I agree that using readable slugs, derived from the badge name, needs some clever solution:

  1. To translate the name to a slug that does not require URL encoding (sanitization)
  2. To make redirects work without admin intervention

Sanitization

If you look at the URL of this thread (https://discussion.fedoraproject.org/t/what-should-we-use-in-the-url-slugs-in-badges-2-0/85289), it does essentially the same. Yes, there is some numeric identifier attached to the URL. But the URL itself conveys information regarding the topic that is being referenced. I find that incredibly useful when looking at the link without context. It tells me what the subject of the discussion is without having to visit the URL.

I think that would be very helpful for badges URLs as well. The many dashes, if you look at the URL of this thread, don’t bother me. It’s easy to translate back to the subject.

Redirects

Redirects must not require admin intervention. Let’s take that as a prerequisite.
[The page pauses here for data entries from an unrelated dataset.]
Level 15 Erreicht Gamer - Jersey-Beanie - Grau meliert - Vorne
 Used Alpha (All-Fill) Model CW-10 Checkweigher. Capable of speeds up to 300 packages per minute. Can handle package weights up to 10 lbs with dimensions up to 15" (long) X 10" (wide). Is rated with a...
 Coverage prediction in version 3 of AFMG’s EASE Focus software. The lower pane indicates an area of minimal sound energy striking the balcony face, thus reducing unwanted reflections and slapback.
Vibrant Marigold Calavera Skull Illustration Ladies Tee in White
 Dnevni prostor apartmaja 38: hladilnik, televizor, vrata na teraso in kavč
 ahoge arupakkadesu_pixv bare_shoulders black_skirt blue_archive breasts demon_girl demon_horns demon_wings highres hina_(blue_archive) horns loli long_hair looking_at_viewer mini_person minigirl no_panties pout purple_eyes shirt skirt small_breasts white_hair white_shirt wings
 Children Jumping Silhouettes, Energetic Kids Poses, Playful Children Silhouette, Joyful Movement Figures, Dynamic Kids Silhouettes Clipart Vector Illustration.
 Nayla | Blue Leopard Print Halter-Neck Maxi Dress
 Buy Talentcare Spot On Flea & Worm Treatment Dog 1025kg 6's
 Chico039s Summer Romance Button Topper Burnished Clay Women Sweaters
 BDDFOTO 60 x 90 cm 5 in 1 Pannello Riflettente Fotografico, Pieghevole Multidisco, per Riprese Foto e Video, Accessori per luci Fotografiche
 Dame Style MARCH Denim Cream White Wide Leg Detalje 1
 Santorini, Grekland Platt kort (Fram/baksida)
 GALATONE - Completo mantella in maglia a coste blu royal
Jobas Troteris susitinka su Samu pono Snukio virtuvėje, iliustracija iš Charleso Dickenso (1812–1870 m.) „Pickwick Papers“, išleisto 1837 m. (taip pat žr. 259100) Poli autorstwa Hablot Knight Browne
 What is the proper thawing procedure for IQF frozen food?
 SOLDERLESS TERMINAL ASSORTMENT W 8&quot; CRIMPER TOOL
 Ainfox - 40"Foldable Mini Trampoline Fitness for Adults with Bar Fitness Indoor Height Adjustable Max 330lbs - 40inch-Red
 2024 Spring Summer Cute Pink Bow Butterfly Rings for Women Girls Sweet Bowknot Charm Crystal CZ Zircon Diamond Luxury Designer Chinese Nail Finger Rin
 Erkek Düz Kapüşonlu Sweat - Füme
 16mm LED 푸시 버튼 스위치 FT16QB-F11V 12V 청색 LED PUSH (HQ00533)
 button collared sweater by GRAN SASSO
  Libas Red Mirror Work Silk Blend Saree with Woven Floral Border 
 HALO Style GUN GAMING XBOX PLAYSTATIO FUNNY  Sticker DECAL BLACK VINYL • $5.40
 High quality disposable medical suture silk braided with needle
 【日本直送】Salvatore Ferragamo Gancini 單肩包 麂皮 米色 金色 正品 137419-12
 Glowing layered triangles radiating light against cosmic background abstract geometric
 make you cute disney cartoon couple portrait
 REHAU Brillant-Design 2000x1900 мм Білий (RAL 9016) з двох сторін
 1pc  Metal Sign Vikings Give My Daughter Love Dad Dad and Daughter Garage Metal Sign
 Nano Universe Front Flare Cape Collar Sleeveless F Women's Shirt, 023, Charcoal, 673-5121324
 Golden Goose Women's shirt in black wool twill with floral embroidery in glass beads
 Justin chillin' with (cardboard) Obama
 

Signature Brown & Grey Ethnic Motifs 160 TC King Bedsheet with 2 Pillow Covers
Circling back to Discourse: when a topic gets renamed or relocated, I’m sure there’s something clever going on that all the Old URLs remain valid and are being redirected to the new URL. It does not require any admin intervention. I’m not sure how it’s done exactly and what software stack is involved, but somehow the app emits redirects.

Is that not possible to implement in the framework we are using for badges?

Regarding the other options:

UUIDs

If we do decide to use UUIDs, I agree they should be short. I think 8 (4,294,967,296 possible values) or even 6 (16,777,216 possible values) should serve as well until Badges 3.0. :wink:

I can also understand most of the points you make from a developer’s point of view. My motivation, and the purpose of this discussion, is to balance it against the user perspective.

I don’t think the current particularities are keeping people from suggesting badge series or wanting to extend single badges into a series. After all it’s the friendly badges admins that have to implement it.
Not being able to implement a badge series due to lack of rule definitions is more common, I believe. That could be either the source not emitting usable messages on the bus or not emitting messages at all (e.g. https://pagure.io/fedora-badges/issue/21), or the messages or rule definition not being fine grained enough to extract the required information for awarding the badge to the actual person that should be awarded (e.g. PR#806: Retire Long Life to Pagure badges - fedora-badges - Pagure.io).

I’m not sure I follow you on this one. I think it departs from the point of view that redirects require admin intervention. When that is handled internally, Badges 2.0 will be perfectly reproducible.

Numeric IDs

I don’t think there is any requirement for the IDs to be consistently incremental. All that is required is uniqueness. So, as long as the IDs match the ID in the database, we are fine, however many gaps there may be in between.

There may even be an advantage in having a direct 1:1 relation to IDs in the database. UUIDs do not need to be generated. UUIDs do not have to be looked up to derive the IDs as used in the database. All that should reduce load on the server and the database backend. It might not matter much given modern day hardware, but a step not taken is a step that cannot fail or cause problems.


And the price for most footnotes in relation to words written goes to - drumroll - @t0xic0der ! :tada: :grin:

1 Like

Following up on the discussion that @gui1ty, @thunderbirdtr, @lenkaseg, @sumantrom and myself today, we decided to go ahead with the use of UUIDs to identify the badges uniquely and to have them as the URLs for them. As much as we wanted to implement redirects for the badges’ URLs to factor in the renaming of the badges, we decided that it is a “nice-to-have” feature that we, in the shortage of human efforts, are better off not dedicated resources to at the moment.

Folks who are tagged - please feel free to correct me or add stuff that I probably missed out on from this morning/afternoon’s discussion.

2 Likes

My success criteria here is that it should be possible to edit a badge’s title without the old URL either breaking or the new URL being wrong.

3 Likes